** Stored data follows **

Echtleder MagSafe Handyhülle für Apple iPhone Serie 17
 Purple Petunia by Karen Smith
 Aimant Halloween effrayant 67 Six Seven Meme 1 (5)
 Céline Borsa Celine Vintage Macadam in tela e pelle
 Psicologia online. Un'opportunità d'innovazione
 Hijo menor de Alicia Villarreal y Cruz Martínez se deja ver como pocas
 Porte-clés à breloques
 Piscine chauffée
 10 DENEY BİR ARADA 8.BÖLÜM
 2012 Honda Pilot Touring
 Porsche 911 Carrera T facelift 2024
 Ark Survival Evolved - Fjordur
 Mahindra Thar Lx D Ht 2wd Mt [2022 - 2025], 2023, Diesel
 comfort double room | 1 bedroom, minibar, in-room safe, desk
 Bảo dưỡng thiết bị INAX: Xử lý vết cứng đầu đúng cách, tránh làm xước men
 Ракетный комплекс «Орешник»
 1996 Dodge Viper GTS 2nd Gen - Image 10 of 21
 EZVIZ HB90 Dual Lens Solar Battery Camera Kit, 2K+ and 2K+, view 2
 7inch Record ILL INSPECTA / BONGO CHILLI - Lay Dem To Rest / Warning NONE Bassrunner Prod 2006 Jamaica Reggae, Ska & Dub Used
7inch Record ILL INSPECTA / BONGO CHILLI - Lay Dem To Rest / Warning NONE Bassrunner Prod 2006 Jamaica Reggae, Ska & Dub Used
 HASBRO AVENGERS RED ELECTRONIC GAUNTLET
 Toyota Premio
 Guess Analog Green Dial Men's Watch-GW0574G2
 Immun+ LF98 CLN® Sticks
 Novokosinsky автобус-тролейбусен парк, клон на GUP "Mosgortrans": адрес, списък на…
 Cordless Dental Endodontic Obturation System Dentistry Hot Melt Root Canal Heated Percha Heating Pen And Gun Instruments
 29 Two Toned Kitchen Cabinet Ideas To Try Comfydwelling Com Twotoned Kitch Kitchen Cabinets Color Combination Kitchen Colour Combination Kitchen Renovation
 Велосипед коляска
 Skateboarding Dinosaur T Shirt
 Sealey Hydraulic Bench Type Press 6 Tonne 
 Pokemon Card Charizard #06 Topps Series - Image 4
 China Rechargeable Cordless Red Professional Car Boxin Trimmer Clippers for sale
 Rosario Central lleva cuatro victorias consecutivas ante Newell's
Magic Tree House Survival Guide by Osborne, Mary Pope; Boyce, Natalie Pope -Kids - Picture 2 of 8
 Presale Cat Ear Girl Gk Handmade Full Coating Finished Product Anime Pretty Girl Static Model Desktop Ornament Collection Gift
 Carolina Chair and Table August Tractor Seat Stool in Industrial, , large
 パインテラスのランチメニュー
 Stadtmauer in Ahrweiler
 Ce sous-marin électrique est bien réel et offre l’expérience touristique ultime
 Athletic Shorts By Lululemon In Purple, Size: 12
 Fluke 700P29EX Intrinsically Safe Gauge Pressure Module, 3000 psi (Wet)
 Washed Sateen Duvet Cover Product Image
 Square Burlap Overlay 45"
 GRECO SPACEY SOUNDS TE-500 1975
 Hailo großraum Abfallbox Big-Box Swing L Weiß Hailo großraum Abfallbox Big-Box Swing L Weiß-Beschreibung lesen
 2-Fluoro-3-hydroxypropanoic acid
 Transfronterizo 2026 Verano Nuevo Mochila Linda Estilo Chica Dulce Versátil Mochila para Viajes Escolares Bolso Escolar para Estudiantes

** End of Stored data **

## What is required
Start at the line containing "Fluke 700P29EX Intrinsically" and return each line up to and including the last line of the material.

## Answer for this exercise
 Fluke 700P29EX Intrinsically Safe Gauge Pressure Module, 3000 psi (Wet)
 Washed Sateen Duvet Cover Product Image
 Square Burlap Overlay 45"
 GRECO SPACEY SOUNDS TE-500 1975
 Hailo großraum Abfallbox Big-Box Swing L Weiß Hailo großraum Abfallbox Big-Box Swing L Weiß-Beschreibung lesen
 2-Fluoro-3-hydroxypropanoic acid
 Transfronterizo 2026 Verano Nuevo Mochila Linda Estilo Chica Dulce Versátil Mochila para Viajes Escolares Bolso Escolar para Estudiantes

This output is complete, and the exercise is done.